SRINAGAR: People’s Conference president Sajad Lone on Wednesday took a dig at the Jammu and Kashmir administration’s handling of reservation policies, accusing the government of reducing a complex social tool into a blunt political instrument aimed solely at electoral gain.
The issue of reservations is all set to come up for discussion again. I will be honest. I don’t have a lot of hope. The committe formed by the present government is a typical run of the mill, time buying, excuse-making bureaucratic gibberish.
It will end up with either seeking…— Sajad Lone (@sajadlone) May 28, 2025
Posting on his X handle, Lone said he had little hope from the recently formed government committee set to deliberate on reservations in the Union Territory. Calling the committee a “typical run-of-the-mill, time-buying, excuse-making bureaucratic gibberish,” he predicted it would either defer decisions or issue ambiguous statements, or worse, recommend another committee.
“The government neither has the brain nor the brawn,” Lone wrote, arguing that dealing with reservations in Jammu and Kashmir demands both intellectual clarity and political courage. “From what I have understood, the present government is blinded by lust for votes.
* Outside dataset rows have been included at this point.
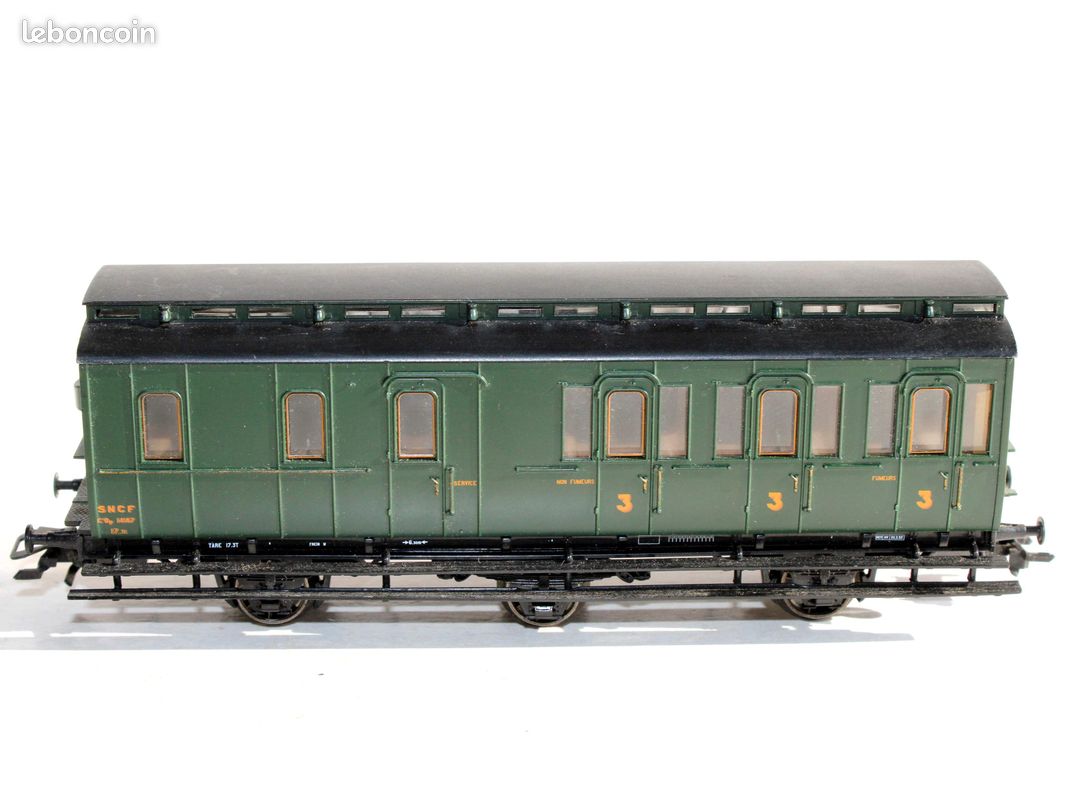 ANCIEN WAGON VOYAGEUR 2ème classe, DB, Piko, en HO EUR 25,00 - FR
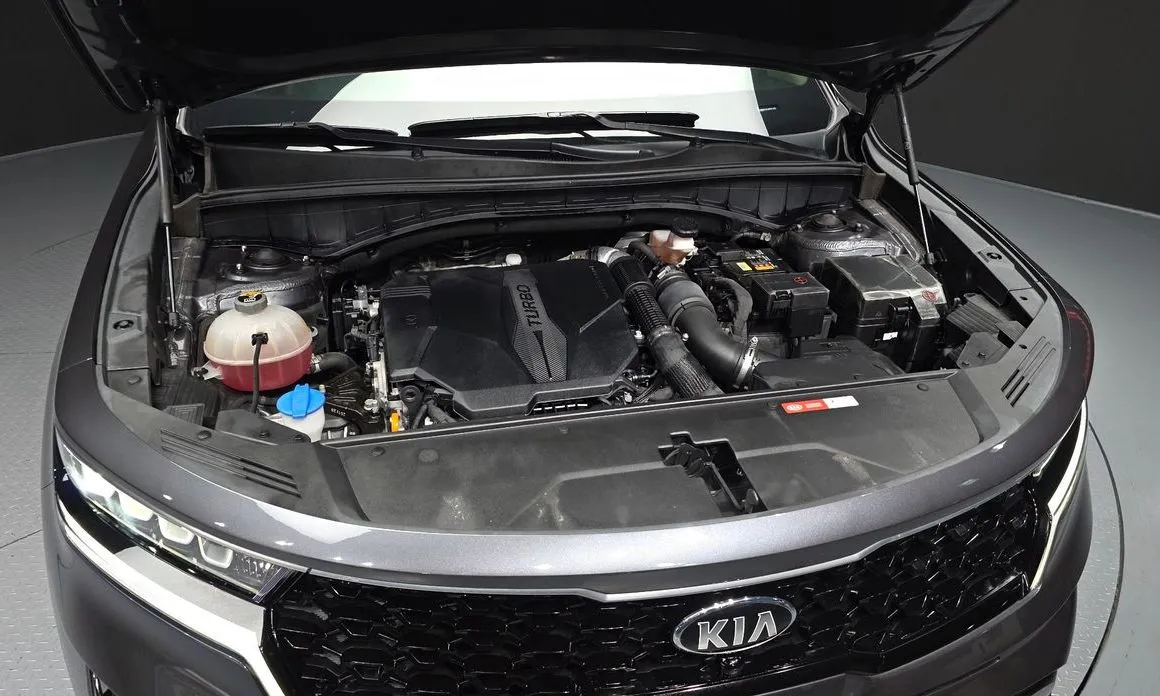 Kia Sorento — фото 7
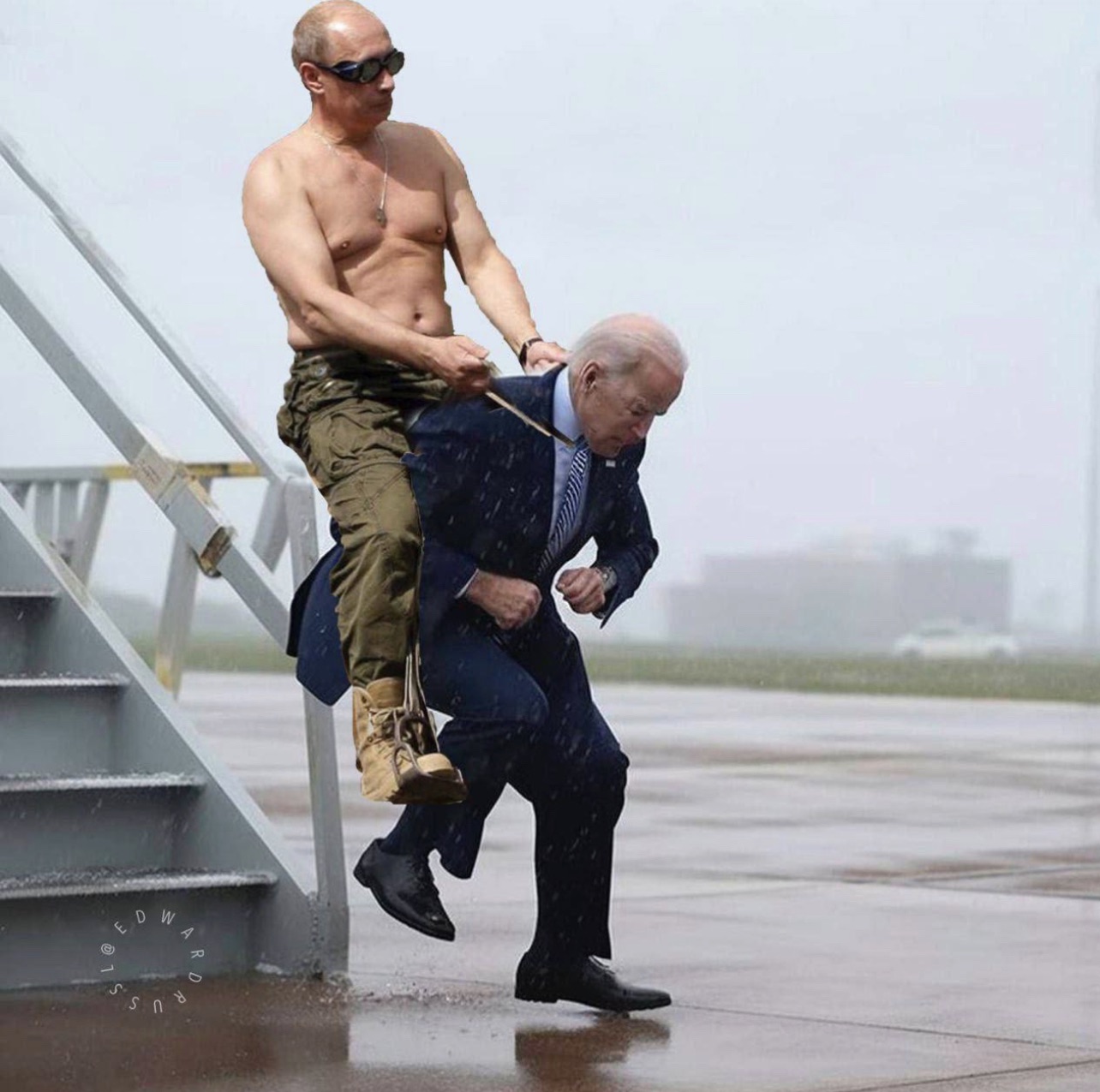Что вызвало недовольство людей властью. Джо Байден Мем. Джо Байден падает на трапе. Смешные фото Путина.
They can’t see beyond the ballot box.”
According to him, the administration views the reservation policy not as a means of social upliftment or a balance of merit, but as a tool of electoral arithmetic. In a pointed critique, he said the government has privately assessed that communities falling under ‘open merit’ do not form a homogenous vote bank and therefore are politically expendable. “So why take the trouble?” he asked rhetorically.
Lone argued that reservations, in their current form, have become one of the greatest societal challenges since 1947, urging for a more nuanced and layered approach to the issue. He called for both objective and comparative evaluations — one that assesses the social costs of suppressing merit and another that takes into account the specific socio-political dynamics of Jammu and Kashmir.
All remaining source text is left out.